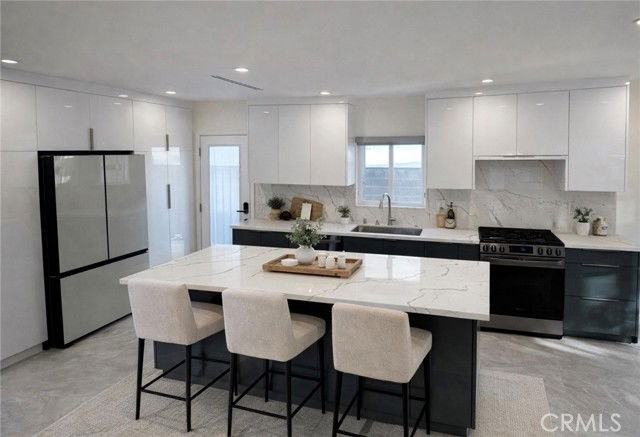 8435 Grenoble St - Photo 3 of 8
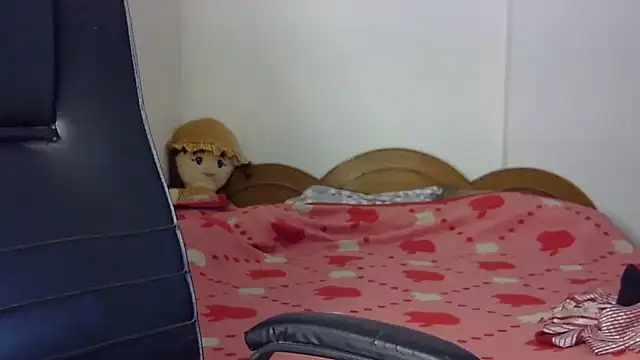 Snapshot of lola-__ chatting on 11-21-25, 04:00 lola- online show from 11-21-25, 04:00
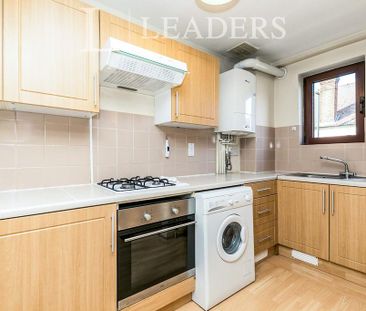 1 bedroom flat to rent - Photo 2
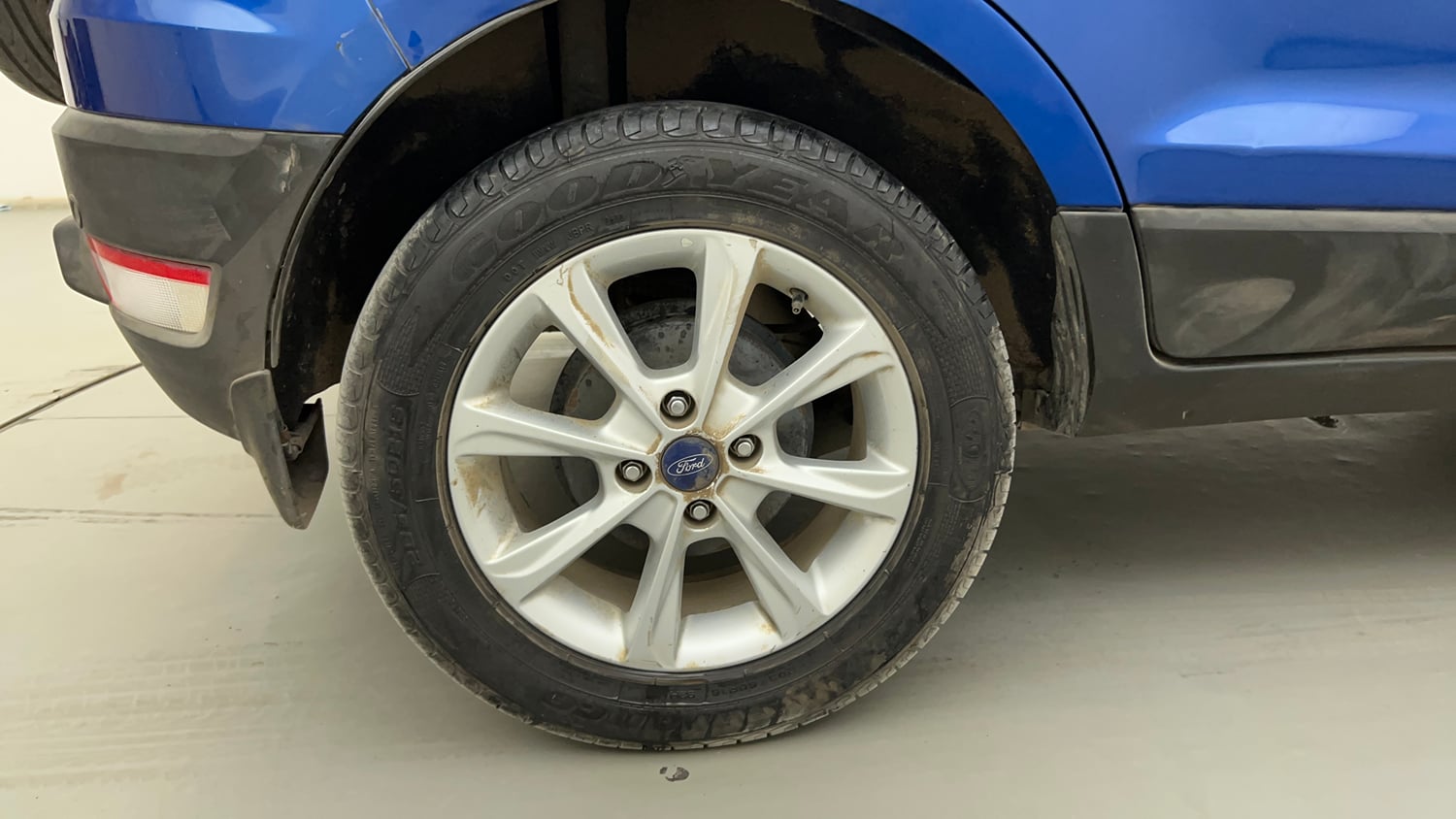Used 2017 Ford EcoSport Titanium 1.5L TDCi Diesel Manual tyres RIGHT REAR TYRE RIM VIEW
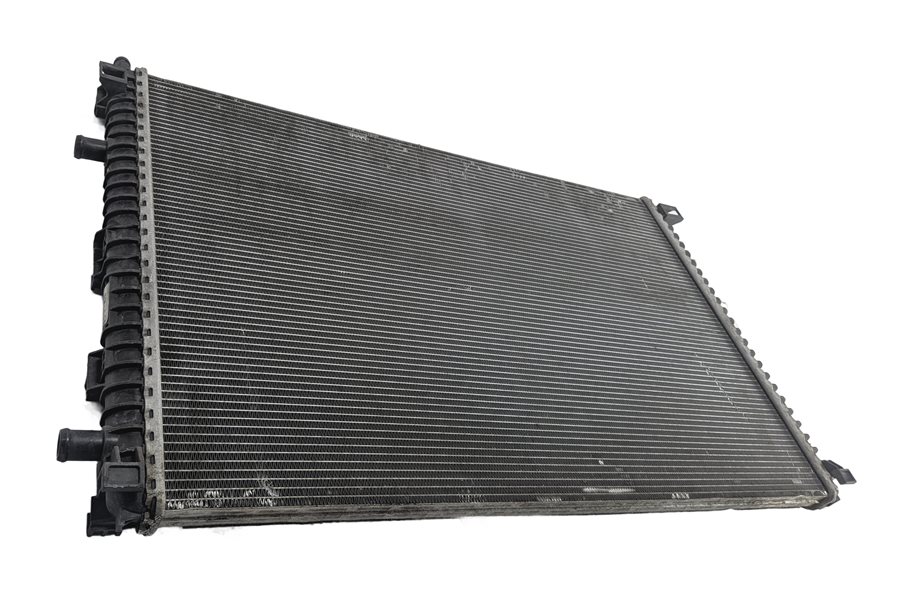 2017-2019 AUDI Q7 (4M) 3.0L SUPERCHARGED ENGINE MAIN CENTER AUXILIARY RADIATOR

• _ACTIVITY_: Reproduce all the entries that precede this task, word for word, minus any pictures.

• _OUTPUT FOR THIS TASK_:
 8435 Grenoble St - Photo 3 of 8
 Snapshot of lola-__ chatting on 11-21-25, 04:00 lola- online show from 11-21-25, 04:00
 1 bedroom flat to rent - Photo 2
Used 2017 Ford EcoSport Titanium 1.5L TDCi Diesel Manual tyres RIGHT REAR TYRE RIM VIEW
 2017-2019 AUDI Q7 (4M) 3.0L SUPERCHARGED ENGINE MAIN CENTER AUXILIARY RADIATOR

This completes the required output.